- What to produce: Starting at the first line of the records below, reproduce every line up to and including the line with "Free Connect (2022)", but leave out all pictures.

[[ Dataset excerpts, beginning ]]

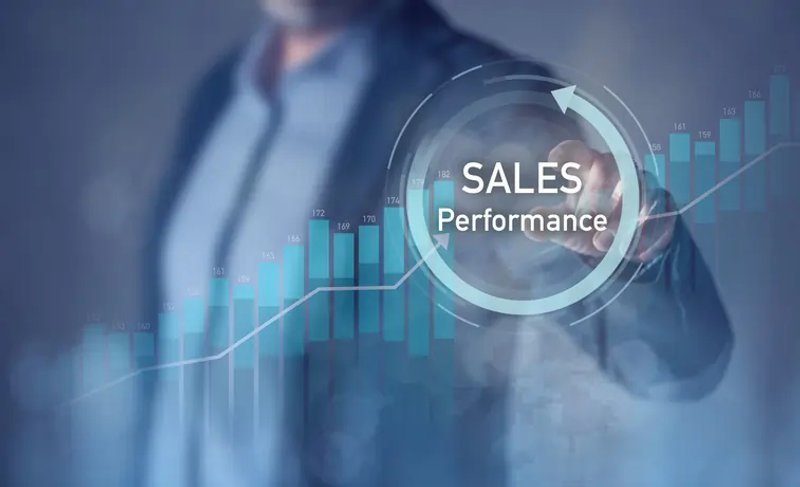 Image for Driving Sales and Revenue Growth in Consumer Electronics: Impact of Product Launches on Quarterly Performance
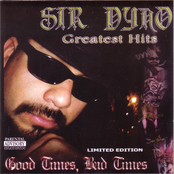 Greatest Hits (Good Times, Bad Times)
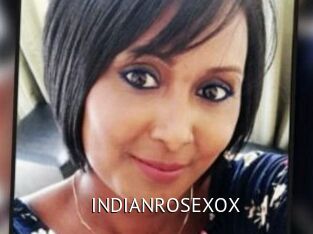 INDIANROSEXOX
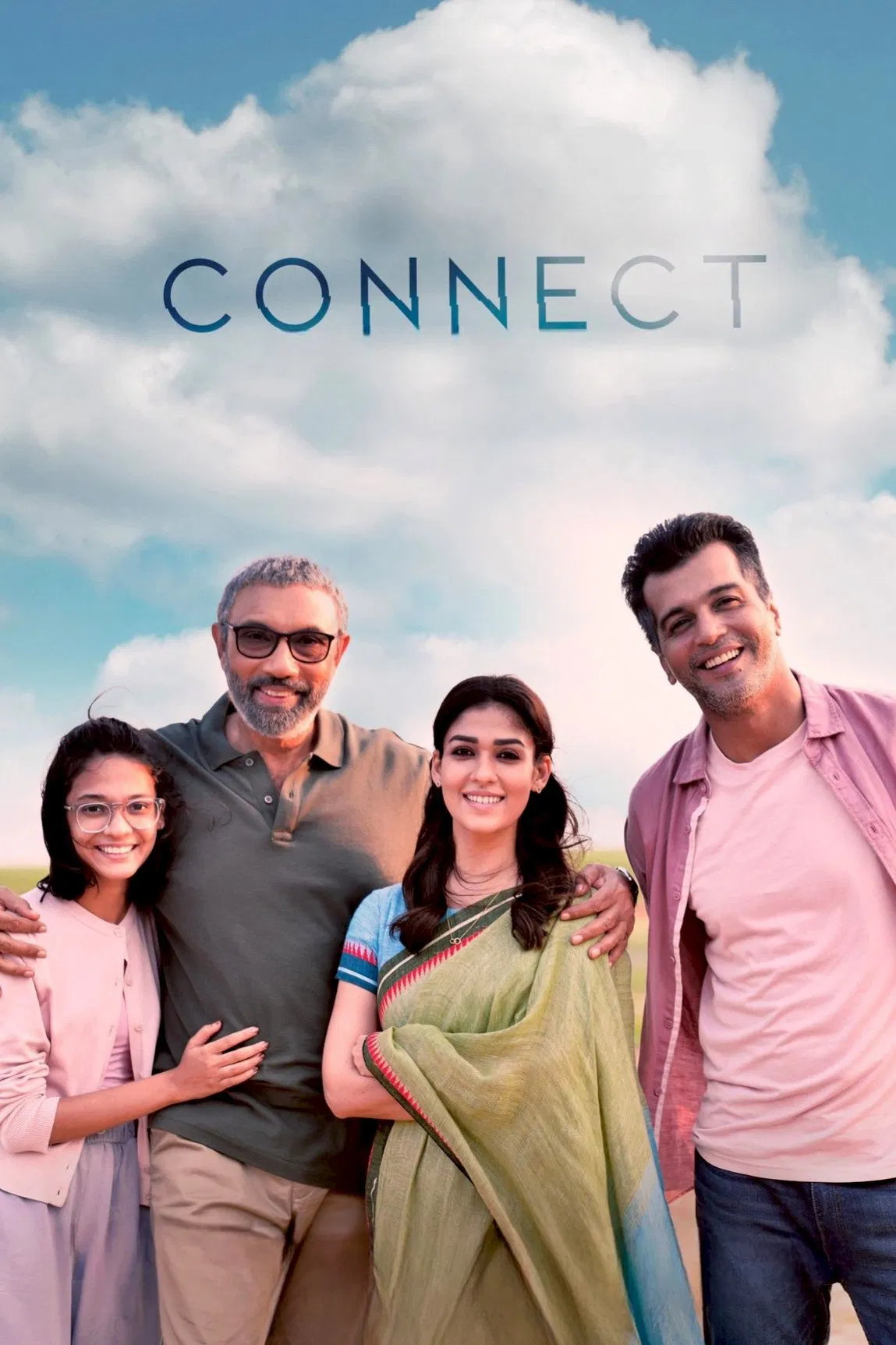 Free Connect (2022) (Hindi + Tamil) Dual Audio UnCut South Movie HDRip ESub Filmyzilla – FILMY4WEP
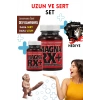 2li Magna Rx Xxl li li lü Mucizevi Erkek lı Se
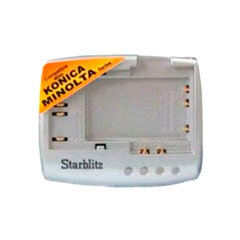 Starblitz D081737 цена и информация | Зарядные устройства для элементов питания | 220.lv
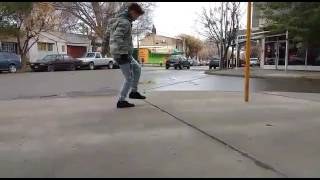 Nazareno Gratti (juegos con pelota de tenis) screenshot 3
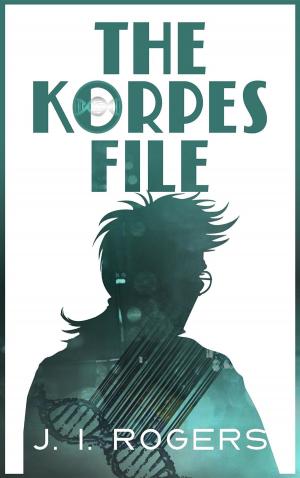 Cover of The Korpes File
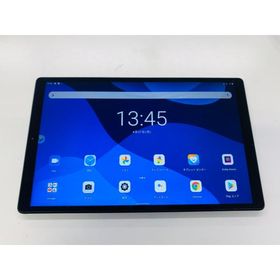 ★送料無料★良品★WiFi★Lenovo Tab M10 HD TB-X306F★グレイ★0034280006325★SYS★04/27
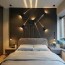 7 stunning bedroom accent walls and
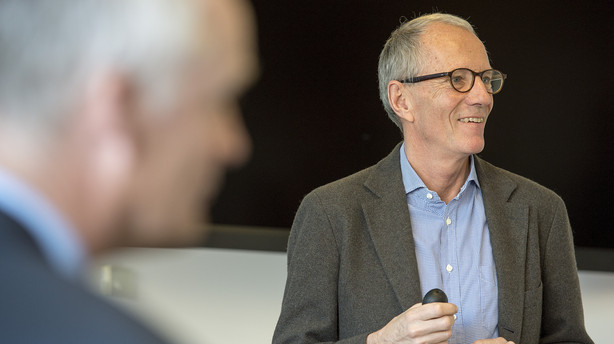 Godt nyt til Lundbeck fra amerikanske myndigheder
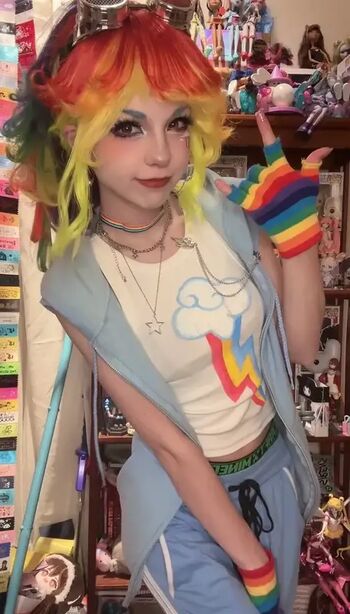 🔥 Stardustcos leaked private photo uncensored full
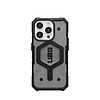 UAG Pathfinder Magsafe - védőtok iPhone 15 Pro-hoz (hamu)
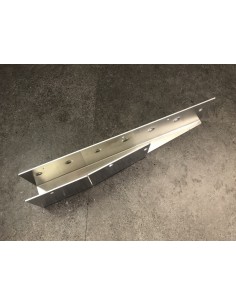 RAP45 Spitze rechts Kantteil m. SideGR BR - Bär Cargolift - 200005613 2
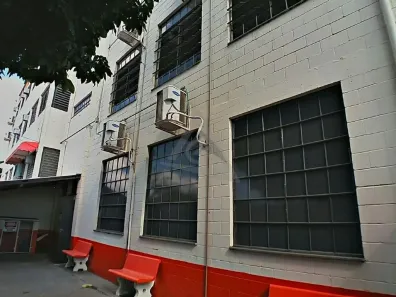 Prédio Comercial para venda ou aluguel, 524m² no Jardim Londres, Campinas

[[ Dataset excerpts, end ]]

- Written solution:
 Image for Driving Sales and Revenue Growth in Consumer Electronics: Impact of Product Launches on Quarterly Performance
 Greatest Hits (Good Times, Bad Times)
 INDIANROSEXOX
 Free Connect (2022) (Hindi + Tamil) Dual Audio UnCut South Movie HDRip ESub Filmyzilla – FILMY4WEP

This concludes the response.